Mantan Pegawai Direktorat Jenderal Pajak Gayus Halomonan Tambunan dijerat dengan tiga pasal berlapis yakni pasal korupsi, pencucian uang dan penggelapan karena kasus mafia hukum serta mafia pajak karena memiliki rekening gendut diduga gratifikasi senilai Rp28 miliar.
Rahman mengatakan, pihaknya akan menindaklanjuti kasus suap restitusi tersebut dengan membentuk tim seperti dalam kasus Gayus. "Untuk tindak kasus lanjut kasus, kita akan bikin tim, tetapi untu wajib pajak yang masih punya masalah akan kita usut," katanya.
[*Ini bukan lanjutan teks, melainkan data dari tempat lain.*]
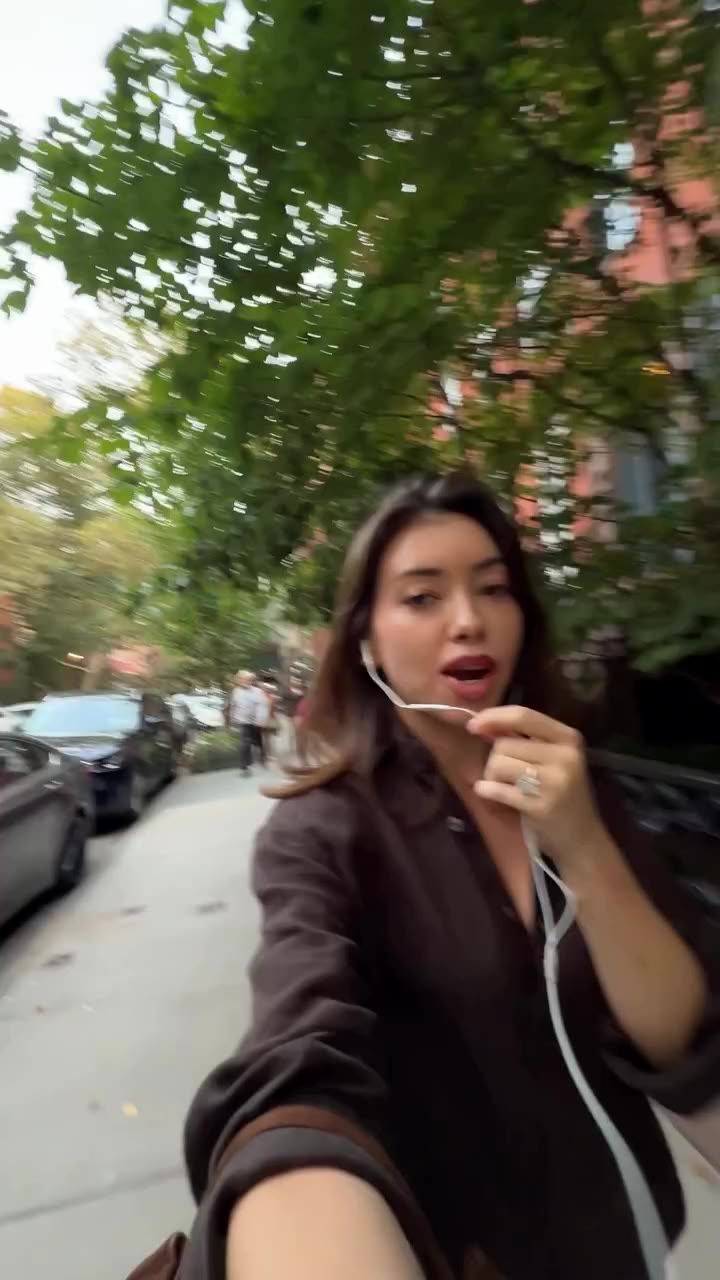 Hii mini vlog 🍿🎬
Dia mengaku pengawasan internal Ditjen Pajak berjalan dan ada prosedur dan pejabat yang khusus melakukan tugas tersebut. "Intinya, mereka pastikan ada pengawasan internal dan ada direktur operasional yang mengawasi," katanya.
Wakil Direktur Tindak Pidana Ekonomi Khusus (Wadir Eksus) Bareskrim Polri Kombes Pol Rahmat Sunanto juga mengatakan akan menindaklanjuti penyidikan.
Kasus suap restitusi pajak terungkap karena tertangkapnya dua mantan pegawai pajak, Denok Taviperiana (DT) dan Totok Hendritatno (TH) yang terbukti menerima suap dari Komisaris PT Surabaya Agung Industry Pulp and Paper (SAIPP), Berty (B) dalam pengurusan restitusi (pengembalian kelebihan pembayaran) pajak senilai Rp21 miliar.
Kombes Rahmat menjelaskan penangkapan dilakukan berdasarkan laporan hasil analisis Pusat Pelaporan dan Analisis Transaksi Keuangan (PPATK) kepada Inspektorat Jenderal Kementerian Keuangan pada 2010.
Laporan tersebut berisi transaksi mencurigakan dalam rekening DT dan TH sepanjang 2005-2007 yang mencapai Rp1,6 miliar. Diketahui, ada sembilan kali transaksi aliran dana antara B dan TH, dan ada sekitar tujuh kali transaksi antara B dan DT.
Pada 2011, Kementerian Keuangan lalu melaporkan kasus tersebut ke Bareskrim Polri untuk ditindak secara pidana. Selanjutnya, setelah mengumpulkan alat dan bukti yang cukup, pihak Bareskrim Polri melakukan penangkapan terhadap ketiganya. "Karena sudah cukup bukti, akhirnya ditangkap dan ditahan untuk pemeriksaan lebih lanjut," katanya.
Ketiganya ditangkap Senin (21/10) di dua tempat berbeda dan untuk sementara ditahan di rumah tahanan Bareskrim Polri.
Ada pun sejumlah dokumen ekspor impor perusahaan, dokumen transaksi keuangan serta dokumen pemblokiran para tersangka kini menjadi bukti kasus tindak pidana pencucian uang itu.
Atas perbuatannya, ketiganya dijerat Pasal 5, 11, 12 Undang-Undang Tindak Pidana Korupsi dan Pasal 3 dan 6 Undang-Undang Tindak Pidana Pencucian Uang.